Seguendo un rigido codice morale il judo insegna
principalmente il controllo della mente e del
corpo: una cultura fisica, una filosofia
conosciuta col nome di “via gentile”. La parola
Ju-do è infatti costituita da due
ideogrammi, dove Ju significa
flessibilità, dolcezza e do,
letteralmente via, rappresenta il concetto
tipicamente orientale di cammino, percorso.
Il valore stesso di questa arte marziale è la
non-resistenza, cedere alla forza
dell’avversario e con essa creare squilibrio,
accompagnarla e vincerla in modo efficace.

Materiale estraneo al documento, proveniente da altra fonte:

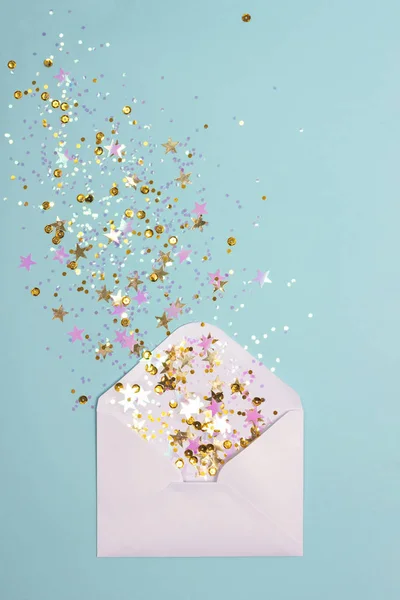 Gouden en roze confetti verspreid van de envelop op pastel mint achtergrond. — Stockfoto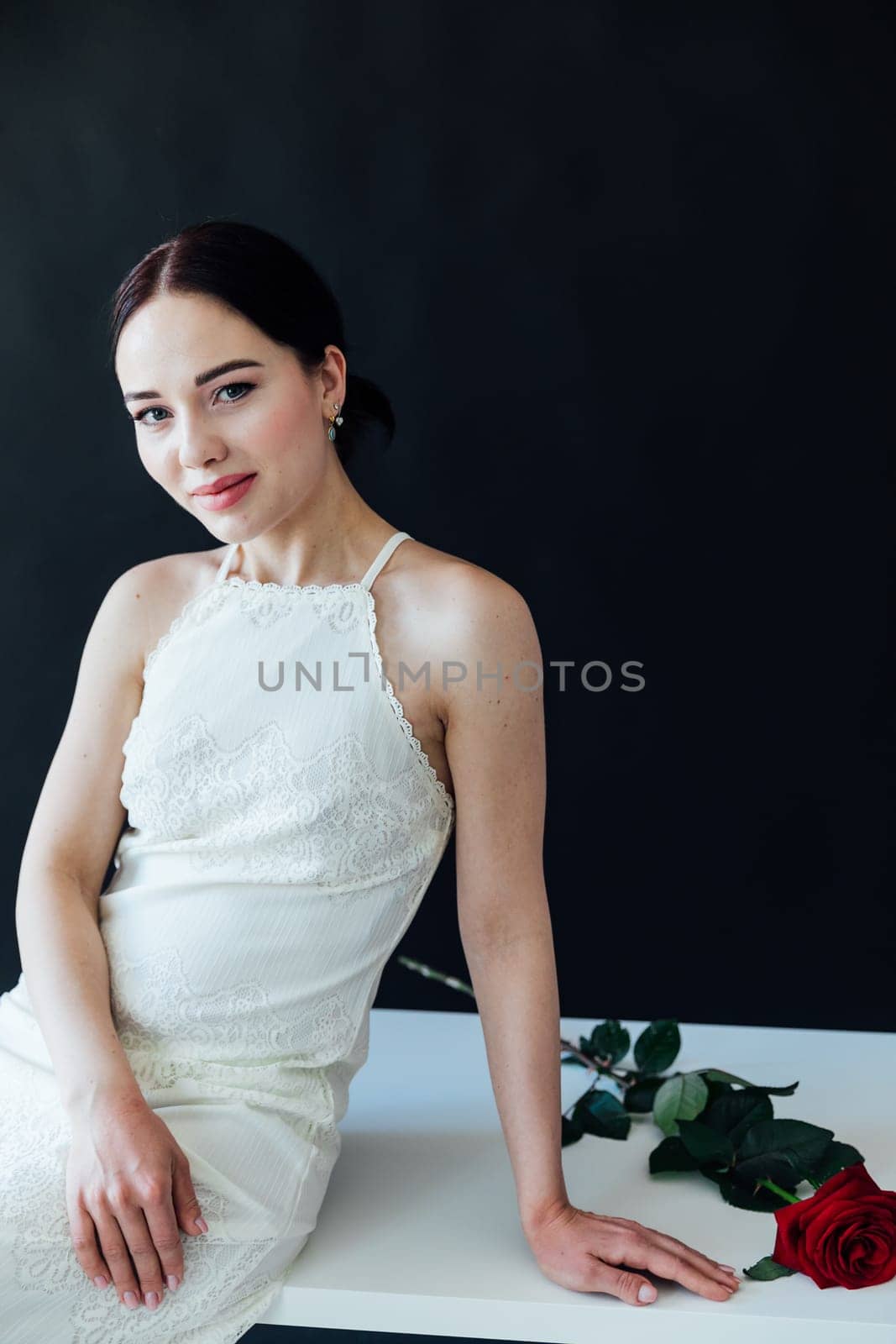 a beautiful woman in a white dress sits with a red rose on a dark background by Simakov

Questa continua evoluzione, alla ricerca di
nuove strade, è un patrimonio autentico, insito
nella sua pratica.
Il padre del Judo, Jigoro Kano, esprimeva così
l’essenza di questa filosofia:
JI-TA-KYO-EI
Tradotto alla lettera significa “io ed altri
insieme progresso”, ovvero il progresso
personale si può ottenere solo con la
collaborazione degli altri, solo insieme agli
altri. Da una prima lettura in chiave sportiva,
deriviamo che il Judo non può
essere praticato da soli. Questo non solo perché
occorre fisicamente la presenza di un partner,
ma perché per imparare è indispensabile la sua
collaborazione. Per collaborare il nostro
compagno dovrà accettare di subire numerose
proiezioni, dovrà impegnarsi ad assumere quelle
posizioni o fare quei movimenti richiesti dallo
studio della tecnica senza perdere tempo e senza
distrarsi, dovrà concentrarsi su quanto stiamo
facendo per offrire la giusta opportunità e
correggere eventuali difetti: in questo modo ci
aiuterà realmente a progredire. Ma anche noi, a
nostra volta, dovremo essere disponibili a fare
tutto ciò per il nostro collega, ad avere a
cuore il suo perfezionamento, dovremo aiutare il
compagno meno esperto, porci allo stesso livello
di quello più debole. La palestra di judo è il
luogo dove collaborazione ed aiuto reciproco non
sono astrazioni che tutti condividono senza mai
tradurle in pratica, ma sono realtà concrete e
quotidiane con le quali ognuno deve fare i conti
ad ogni lezione: il ragazzo che pensa solo per
sé, che non accetta di collaborare, si accorge
quasi subito di non riuscire a concludere nulla;
chi si comporta in modo prepotente con il
compagno più debole, si troverà altrettanto
spesso nella condizione di essere egli stesso il
più debole. Così ancor prima che si renda
necessario l’intervento dell’insegnante, la
pratica stessa del Judo porta all’applicazione
del “ji-ta-kyo-ei”.
Al di là delle mura della palestra, nella vita
quotidiana, il significato sociale di questa
massima è d’altronde così evidente che appare
superfluo soffermarcisi: in ogni momento del
vivere comune la collaborazione porta a
progredire più facilmente; da sempre la
disponibilità all’aiuto reciproco rappresenta
uno dei valori morali più qualificanti.
Questa massima viene spesso tradotta un po’ più
liberamente come “Amicizia e mutua prosperità”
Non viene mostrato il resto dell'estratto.